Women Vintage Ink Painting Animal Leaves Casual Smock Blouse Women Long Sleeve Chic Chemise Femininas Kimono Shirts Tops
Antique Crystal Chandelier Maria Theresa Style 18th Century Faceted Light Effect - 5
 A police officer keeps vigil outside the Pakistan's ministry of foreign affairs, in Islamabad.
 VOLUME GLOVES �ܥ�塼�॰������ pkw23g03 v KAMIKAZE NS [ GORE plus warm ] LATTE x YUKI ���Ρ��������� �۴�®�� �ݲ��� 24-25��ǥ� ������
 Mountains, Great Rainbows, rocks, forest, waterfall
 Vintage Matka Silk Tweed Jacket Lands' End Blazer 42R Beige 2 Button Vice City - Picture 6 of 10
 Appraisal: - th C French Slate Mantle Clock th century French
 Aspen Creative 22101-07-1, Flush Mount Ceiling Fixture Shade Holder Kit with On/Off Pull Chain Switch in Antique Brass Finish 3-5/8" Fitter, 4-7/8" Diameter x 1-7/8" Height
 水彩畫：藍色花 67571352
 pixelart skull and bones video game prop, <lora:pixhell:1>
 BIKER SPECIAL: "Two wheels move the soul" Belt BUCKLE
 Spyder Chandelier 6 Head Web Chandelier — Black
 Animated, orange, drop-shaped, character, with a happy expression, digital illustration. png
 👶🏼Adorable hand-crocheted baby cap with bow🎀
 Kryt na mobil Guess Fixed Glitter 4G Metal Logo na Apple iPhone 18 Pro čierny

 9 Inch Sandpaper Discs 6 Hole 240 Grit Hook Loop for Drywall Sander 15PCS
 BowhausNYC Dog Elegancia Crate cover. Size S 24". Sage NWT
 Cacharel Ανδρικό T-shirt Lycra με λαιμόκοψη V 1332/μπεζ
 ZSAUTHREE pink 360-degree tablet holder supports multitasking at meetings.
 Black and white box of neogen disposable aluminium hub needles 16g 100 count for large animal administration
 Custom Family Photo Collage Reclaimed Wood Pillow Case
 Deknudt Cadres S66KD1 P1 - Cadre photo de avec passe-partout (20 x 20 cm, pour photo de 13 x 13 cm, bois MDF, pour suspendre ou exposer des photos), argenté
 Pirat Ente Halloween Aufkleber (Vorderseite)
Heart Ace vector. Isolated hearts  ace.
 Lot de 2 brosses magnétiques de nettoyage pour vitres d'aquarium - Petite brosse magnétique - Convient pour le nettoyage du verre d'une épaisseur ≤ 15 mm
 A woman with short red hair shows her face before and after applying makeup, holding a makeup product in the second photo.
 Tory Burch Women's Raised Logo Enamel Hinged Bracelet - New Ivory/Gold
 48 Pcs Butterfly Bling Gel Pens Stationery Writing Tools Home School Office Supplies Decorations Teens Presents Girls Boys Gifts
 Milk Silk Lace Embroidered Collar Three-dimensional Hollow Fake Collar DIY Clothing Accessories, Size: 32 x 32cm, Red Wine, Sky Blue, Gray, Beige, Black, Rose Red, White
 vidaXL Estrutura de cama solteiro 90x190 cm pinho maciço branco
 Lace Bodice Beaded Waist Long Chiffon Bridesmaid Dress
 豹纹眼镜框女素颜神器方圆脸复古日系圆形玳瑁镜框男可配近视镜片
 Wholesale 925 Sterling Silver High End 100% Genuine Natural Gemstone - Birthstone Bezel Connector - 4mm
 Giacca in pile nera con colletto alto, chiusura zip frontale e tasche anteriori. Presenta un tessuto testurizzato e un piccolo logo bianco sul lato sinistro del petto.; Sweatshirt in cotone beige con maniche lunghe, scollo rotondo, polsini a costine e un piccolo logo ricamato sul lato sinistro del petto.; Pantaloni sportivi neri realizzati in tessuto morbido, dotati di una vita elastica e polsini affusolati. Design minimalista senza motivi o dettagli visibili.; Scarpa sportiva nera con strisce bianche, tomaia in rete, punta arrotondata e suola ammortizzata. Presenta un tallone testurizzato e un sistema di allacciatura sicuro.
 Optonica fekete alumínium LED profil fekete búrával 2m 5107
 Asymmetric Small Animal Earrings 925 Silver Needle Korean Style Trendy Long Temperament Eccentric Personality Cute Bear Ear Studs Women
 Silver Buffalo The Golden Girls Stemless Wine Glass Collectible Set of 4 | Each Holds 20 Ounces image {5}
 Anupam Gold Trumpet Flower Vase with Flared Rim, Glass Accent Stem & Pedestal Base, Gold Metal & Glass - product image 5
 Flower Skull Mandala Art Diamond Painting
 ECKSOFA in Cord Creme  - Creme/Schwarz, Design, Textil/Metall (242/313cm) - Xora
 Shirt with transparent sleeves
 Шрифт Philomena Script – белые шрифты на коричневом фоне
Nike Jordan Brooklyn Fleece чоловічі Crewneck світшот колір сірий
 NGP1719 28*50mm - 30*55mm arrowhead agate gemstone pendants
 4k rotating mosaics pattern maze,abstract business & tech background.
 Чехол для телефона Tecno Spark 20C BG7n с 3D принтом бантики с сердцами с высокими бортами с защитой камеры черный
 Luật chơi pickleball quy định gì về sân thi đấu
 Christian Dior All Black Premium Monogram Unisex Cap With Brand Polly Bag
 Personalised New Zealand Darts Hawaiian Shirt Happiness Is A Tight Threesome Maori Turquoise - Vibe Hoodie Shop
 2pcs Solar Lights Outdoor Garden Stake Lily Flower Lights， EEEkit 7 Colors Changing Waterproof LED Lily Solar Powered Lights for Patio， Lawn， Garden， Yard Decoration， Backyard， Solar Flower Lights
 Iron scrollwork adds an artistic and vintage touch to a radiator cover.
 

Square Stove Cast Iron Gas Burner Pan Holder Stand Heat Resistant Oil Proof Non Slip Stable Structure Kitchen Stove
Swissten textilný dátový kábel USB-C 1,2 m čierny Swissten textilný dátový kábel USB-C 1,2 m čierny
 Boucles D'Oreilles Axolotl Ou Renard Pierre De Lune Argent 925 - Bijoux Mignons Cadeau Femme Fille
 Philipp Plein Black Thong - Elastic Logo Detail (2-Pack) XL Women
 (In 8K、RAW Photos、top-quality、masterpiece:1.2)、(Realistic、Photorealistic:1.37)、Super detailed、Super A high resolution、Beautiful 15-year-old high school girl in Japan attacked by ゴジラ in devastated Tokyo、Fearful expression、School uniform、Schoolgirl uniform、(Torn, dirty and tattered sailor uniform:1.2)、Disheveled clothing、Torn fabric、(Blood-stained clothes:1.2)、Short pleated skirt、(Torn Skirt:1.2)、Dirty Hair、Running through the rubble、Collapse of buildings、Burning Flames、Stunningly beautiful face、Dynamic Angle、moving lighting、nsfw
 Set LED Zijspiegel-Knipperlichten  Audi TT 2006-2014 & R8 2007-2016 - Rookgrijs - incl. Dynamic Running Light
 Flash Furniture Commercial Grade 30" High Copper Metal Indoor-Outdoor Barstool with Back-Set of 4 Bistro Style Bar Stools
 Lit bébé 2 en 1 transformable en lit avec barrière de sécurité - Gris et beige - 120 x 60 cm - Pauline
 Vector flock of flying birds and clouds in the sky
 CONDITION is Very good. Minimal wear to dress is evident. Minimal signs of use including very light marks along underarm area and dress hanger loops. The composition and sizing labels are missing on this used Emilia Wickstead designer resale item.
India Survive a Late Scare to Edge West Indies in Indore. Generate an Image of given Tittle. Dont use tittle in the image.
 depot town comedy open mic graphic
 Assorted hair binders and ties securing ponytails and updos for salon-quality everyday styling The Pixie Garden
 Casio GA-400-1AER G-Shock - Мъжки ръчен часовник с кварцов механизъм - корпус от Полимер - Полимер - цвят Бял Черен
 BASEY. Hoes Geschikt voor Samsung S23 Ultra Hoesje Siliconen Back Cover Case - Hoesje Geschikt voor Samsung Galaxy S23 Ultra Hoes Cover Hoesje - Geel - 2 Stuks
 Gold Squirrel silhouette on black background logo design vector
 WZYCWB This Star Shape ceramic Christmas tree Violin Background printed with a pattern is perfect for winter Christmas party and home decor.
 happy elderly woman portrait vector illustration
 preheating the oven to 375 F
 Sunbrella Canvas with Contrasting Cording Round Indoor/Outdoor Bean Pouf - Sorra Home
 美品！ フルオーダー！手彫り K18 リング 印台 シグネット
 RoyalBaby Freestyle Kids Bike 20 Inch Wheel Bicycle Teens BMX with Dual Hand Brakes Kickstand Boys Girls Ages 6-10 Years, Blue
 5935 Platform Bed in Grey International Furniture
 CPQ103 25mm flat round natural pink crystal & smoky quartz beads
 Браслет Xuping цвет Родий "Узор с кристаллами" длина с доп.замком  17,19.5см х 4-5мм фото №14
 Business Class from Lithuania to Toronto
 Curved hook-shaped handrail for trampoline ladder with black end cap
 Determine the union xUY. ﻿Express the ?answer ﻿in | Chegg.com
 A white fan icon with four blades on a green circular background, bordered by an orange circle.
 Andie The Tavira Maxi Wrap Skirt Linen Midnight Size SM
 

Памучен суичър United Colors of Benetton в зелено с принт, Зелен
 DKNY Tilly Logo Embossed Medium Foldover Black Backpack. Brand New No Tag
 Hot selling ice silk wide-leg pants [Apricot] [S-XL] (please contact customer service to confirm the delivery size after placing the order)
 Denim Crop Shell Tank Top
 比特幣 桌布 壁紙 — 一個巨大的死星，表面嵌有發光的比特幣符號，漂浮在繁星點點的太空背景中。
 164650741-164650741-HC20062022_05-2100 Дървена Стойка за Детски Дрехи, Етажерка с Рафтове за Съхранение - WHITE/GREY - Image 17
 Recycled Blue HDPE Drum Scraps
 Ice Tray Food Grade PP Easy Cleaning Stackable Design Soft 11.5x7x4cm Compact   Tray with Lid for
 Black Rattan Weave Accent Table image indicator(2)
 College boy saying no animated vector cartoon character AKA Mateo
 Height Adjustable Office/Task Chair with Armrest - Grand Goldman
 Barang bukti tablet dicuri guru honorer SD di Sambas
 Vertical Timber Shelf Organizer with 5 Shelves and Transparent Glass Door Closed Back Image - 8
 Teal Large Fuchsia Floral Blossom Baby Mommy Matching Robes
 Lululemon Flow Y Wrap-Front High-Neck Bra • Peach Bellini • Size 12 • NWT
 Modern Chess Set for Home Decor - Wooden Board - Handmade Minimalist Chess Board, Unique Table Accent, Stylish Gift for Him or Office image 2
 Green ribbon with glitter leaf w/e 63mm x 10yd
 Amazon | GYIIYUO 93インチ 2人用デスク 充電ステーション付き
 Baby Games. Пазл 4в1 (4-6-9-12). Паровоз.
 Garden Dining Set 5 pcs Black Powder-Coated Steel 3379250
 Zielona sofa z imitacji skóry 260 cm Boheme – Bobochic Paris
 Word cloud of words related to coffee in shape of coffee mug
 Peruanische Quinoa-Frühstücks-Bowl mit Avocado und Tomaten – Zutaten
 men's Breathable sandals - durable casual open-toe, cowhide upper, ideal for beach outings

○ ○ ○ ○

### Directions for this task
Beginning with the line containing "Milk Silk Lace" and ending with the line containing "Christian Dior All", extract those lines exactly from the listing above, and only those.

### Result of this exercise
 Milk Silk Lace Embroidered Collar Three-dimensional Hollow Fake Collar DIY Clothing Accessories, Size: 32 x 32cm, Red Wine, Sky Blue, Gray, Beige, Black, Rose Red, White
 vidaXL Estrutura de cama solteiro 90x190 cm pinho maciço branco
 Lace Bodice Beaded Waist Long Chiffon Bridesmaid Dress
 豹纹眼镜框女素颜神器方圆脸复古日系圆形玳瑁镜框男可配近视镜片
 Wholesale 925 Sterling Silver High End 100% Genuine Natural Gemstone - Birthstone Bezel Connector - 4mm
 Giacca in pile nera con colletto alto, chiusura zip frontale e tasche anteriori. Presenta un tessuto testurizzato e un piccolo logo bianco sul lato sinistro del petto.; Sweatshirt in cotone beige con maniche lunghe, scollo rotondo, polsini a costine e un piccolo logo ricamato sul lato sinistro del petto.; Pantaloni sportivi neri realizzati in tessuto morbido, dotati di una vita elastica e polsini affusolati. Design minimalista senza motivi o dettagli visibili.; Scarpa sportiva nera con strisce bianche, tomaia in rete, punta arrotondata e suola ammortizzata. Presenta un tallone testurizzato e un sistema di allacciatura sicuro.
 Optonica fekete alumínium LED profil fekete búrával 2m 5107
 Asymmetric Small Animal Earrings 925 Silver Needle Korean Style Trendy Long Temperament Eccentric Personality Cute Bear Ear Studs Women
 Silver Buffalo The Golden Girls Stemless Wine Glass Collectible Set of 4 | Each Holds 20 Ounces image {5}
 Anupam Gold Trumpet Flower Vase with Flared Rim, Glass Accent Stem & Pedestal Base, Gold Metal & Glass - product image 5
 Flower Skull Mandala Art Diamond Painting
 ECKSOFA in Cord Creme  - Creme/Schwarz, Design, Textil/Metall (242/313cm) - Xora
 Shirt with transparent sleeves
 Шрифт Philomena Script – белые шрифты на коричневом фоне
Nike Jordan Brooklyn Fleece чоловічі Crewneck світшот колір сірий
 NGP1719 28*50mm - 30*55mm arrowhead agate gemstone pendants
 4k rotating mosaics pattern maze,abstract business & tech background.
 Чехол для телефона Tecno Spark 20C BG7n с 3D принтом бантики с сердцами с высокими бортами с защитой камеры черный
 Luật chơi pickleball quy định gì về sân thi đấu
 Christian Dior All Black Premium Monogram Unisex Cap With Brand Polly Bag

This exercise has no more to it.